Though the Times called the link from the 2011 shooting to Palin’s campaign materials “clear” and “direct,” within 14 hours it had published a correction saying there was no such link. No evidence has ever been shown that the Tucson shooter, Jared Lee Loughner, saw the Palin PAC’s map.

During witness testimony in her revived libel trial on Monday, Palin said the editorial had painfully reopened old wounds of being condemned for inciting a mass shooting that she had already been exonerated from.

“This was ripping the Band-Aid off, knowing that again I was being put in a position of being lied about, being blamed for a mass murder, despite evidence — in very credible publications and by experts over many years — that I didn’t have anything to do with inciting the murder of these people — and yet The New York Times, the Old Gray Lady, the loudest voice in the room… They were saying again that this was my fault,” she testified.

Largely echoing her testimony from when her libel case first stood trial in 2022, Palin testified that the corrections and revisions issued by the Times left her wanting a more sufficient remedy and a “genuine correction.”

“It has nothing to do with me. It’s not correcting anything about Sarah Palin. It doesn’t mention my name,” she said. “I don’t know any reasonable person that would read that and say, ‘Oh, Sarah Palin, after all, didn’t have anything to do with a mass murder of innocent people.’”

“Did that fix it for you?” her attorney Ken Turkel asked.

“Absolutely not, this makes it worse,” she testified. “They don’t use my name, they do not exonerate me. They do not let their readers know that I did not have anything to do with a deranged killer.”

“I was looking for some accountability in our press, as represented by The New York Times, and there was none,” she added.

On cross-examination by Wilmer Hale partner Felicia Ellsworth, Palin testified “so-called crosshairs” on her map circulated by her PAC were actually “emojis” chosen by a firm that had plucked the idea of bullseye targets on a map of the country from a similar campaign map put out by Democrats.

Pressed by the Times on cross-examination, Palin recalled high-profile speaking events she was invited to in the years following the gun violence editorial, potentially rebutting her claims for reputational harm.

Ellsworth asked Palin about a nearly eight-minute video Palin published to her Facebook page in 2011 condemning those who blame political rhetoric for the Tucson shooting, which used the language “blood libel” and drew criticism for invoking an ancient antisemitic conspiracy that Jews use the blood of non-Jewish children for ritual purposes.

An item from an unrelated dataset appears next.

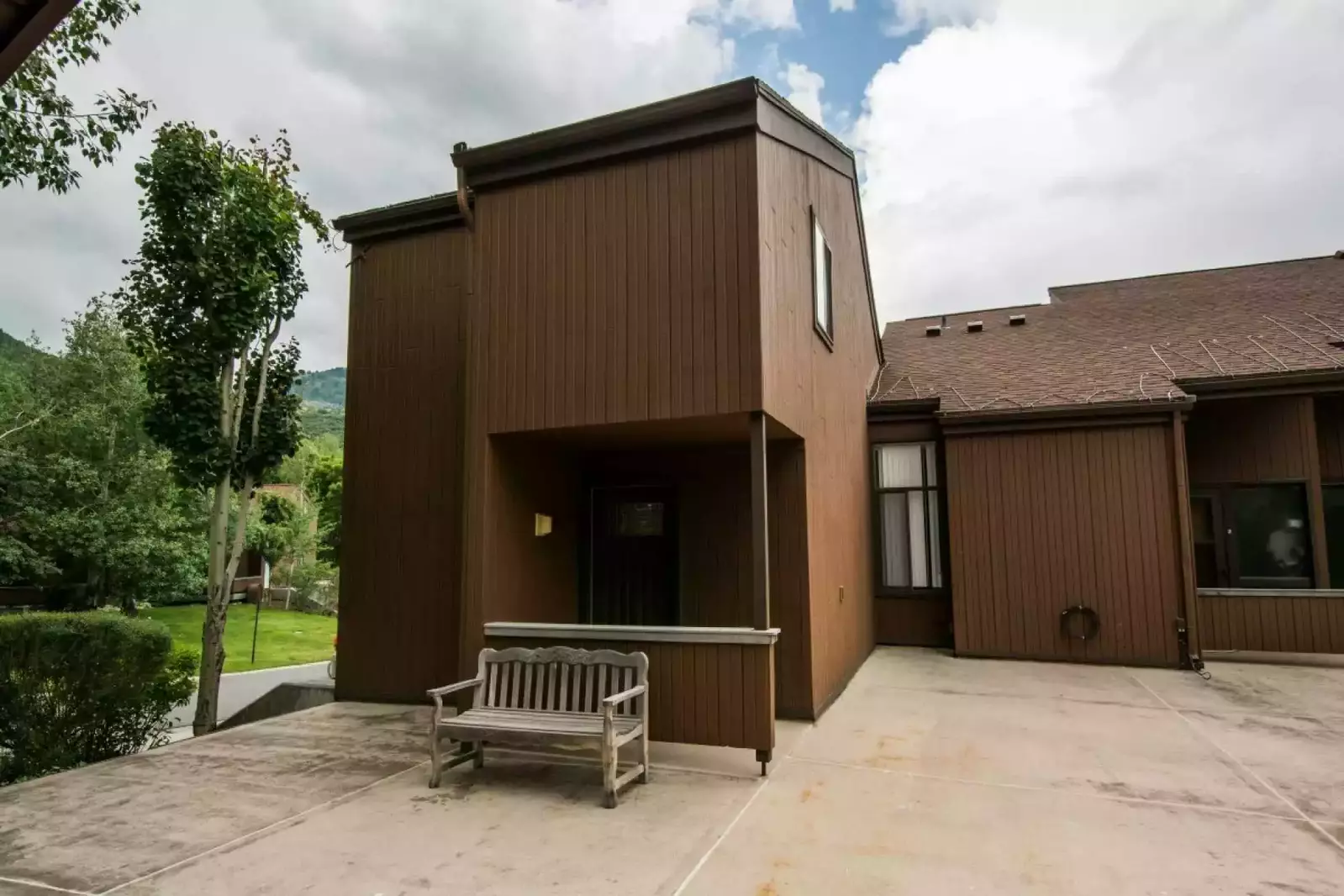 Guests will love the manicured landscaping, wooded lot and scenic mountain views.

Palin said she had only meant it as a more literal interpretation of the phrase, to warn journalists in the wake of the Tucson shooting to not incite further violence by manufacturing stories if they’re purporting to condemn heated political rhetoric.

U.S. District Judge Jed Rakoff, a Bill Clinton appointee, initially dismissed Palin’s case for failing to identify anyone at the Times who had acted with actual malice, but in 2019 the Second Circuit revived her lawsuit.

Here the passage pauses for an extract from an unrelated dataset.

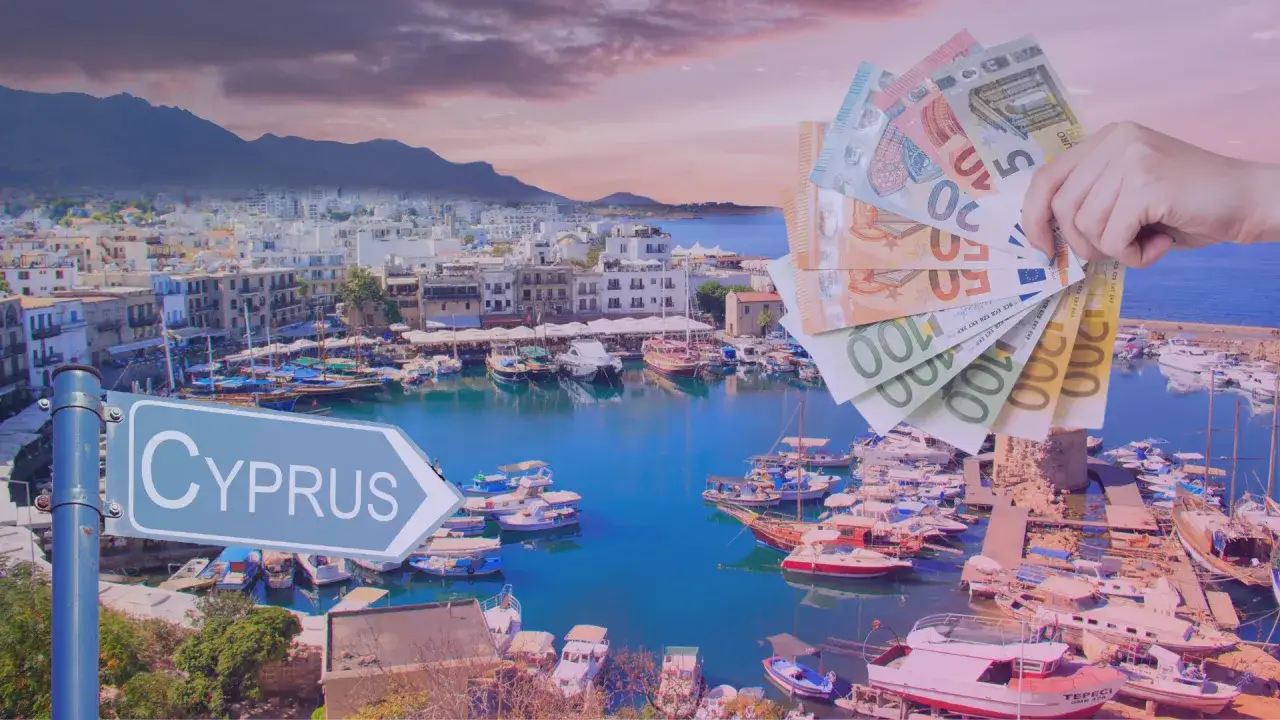 Ręka trzyma banknoty euro na tle portu na Cyprze. Tak, na Cyprze jest euro.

Palin’s first redo in the lower court went to trial in early 2022 where she was ultimately dealt defeat, both by the jury’s verdict and Rakoff’s mid-deliberation dismissal by Rule 50 judgment one day earlier.

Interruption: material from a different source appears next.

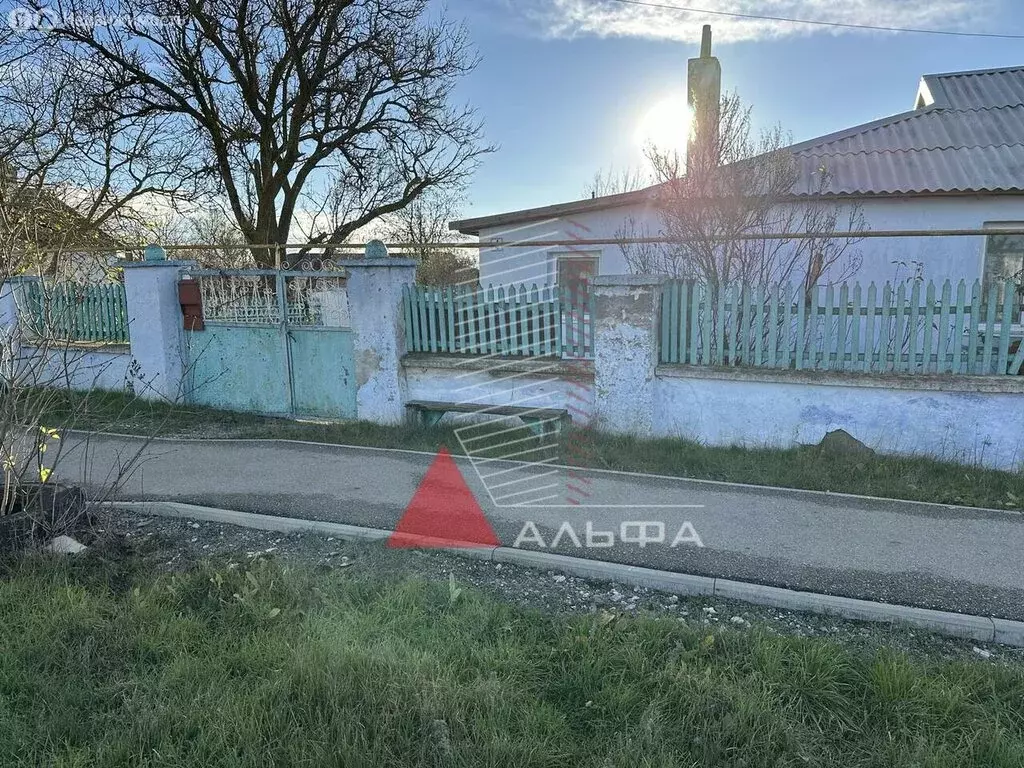 Дом в Сакский район, Вересаевское сельское поселение, село Глинка, ... - Фото 1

Revived once again by the Second Circuit, Palin’s civil retrial in the Southern District of New York is a stress test of long-established legal protections that protect American media against defamation claims by public figures.

In New York Times v. Sullivan,  the U.S. Supreme Court ruled in 1964 that the First Amendment protects statements about public figures, including false ones, unless officials can prove actual malice.

Last month, the Supreme Court declined to review a challenge by Trump megadonor and casino mogul Steve Wynn that aimed to overturn the core ruling on press freedom.

Wynn, a billionaire who oversaw the construction and operation of iconic Las Vegas casinos including The Mirage, Treasure Island and the Bellagio, petitioned the high court in an effort to lower the standard needed for public figures to sue over media reports.

Jurors are expected to hear closing arguments in The New York Times case on Tuesday, April 22.